12in Mortar on Railway Mount Model 1918 (10 caliber)

The 12in Mortar on Railway Mount Model 1918 carried a 12in mortar on a fully traversing barbette. Several were almost completed by the end of the First World War, and it remained in use between the wars, before the carriage was used to carry surplus 8in naval guns.

This railway gun was armed with a 12in coast defence mortar Model 1890 Mark I. This was 10 calibres long, with an interrupted threat breech block and mechanical firing mechanism. It used a hydro-pneumatic recoil system, with two hydraulic recoil cylinders on the bottom of the cradle and one pneumatic recuperator cylinder above it. The recuperator cylinder was fixed to the cradle, with a hollow piston that was attached to the gun and a floating piston that passed through the hollow cylinder. Both pistons were forced back when the gun fired. Air pressure behind them then pushed the floating piston back, forcing the hollow piston and the gun back into their original position.

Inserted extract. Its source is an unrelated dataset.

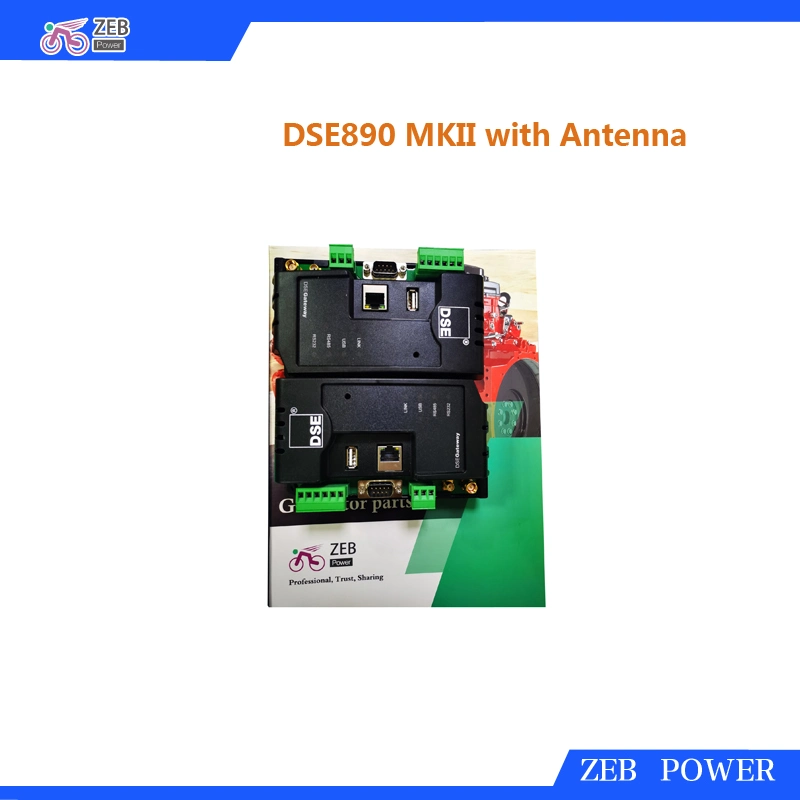 Deepsea Remote Communications & Overview Displays Generator Controller Dse890 Mkii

Elevation was provided by a segmental circular rack attached to the bottom of the cradle, connected by gears to a hand wheel. One turn of the hand wheel moved the mortar 1.004 degrees up or down. The gun could be fired at any angle of elevation between 20 and 65 degrees, but was most efficient above 35 degrees and dangerously unstable below 25 degrees.

The gun and carriage were carried between steel side frames that were supported by a racer casting, which was supported by conical traversing rollers that sat on a circular rack on the base plate. A pinion on the base of the racer casting meshed with the rack, and connected by gears to an operating wheel. One turn of the hand wheel rotated the mortar 0.837 degrees.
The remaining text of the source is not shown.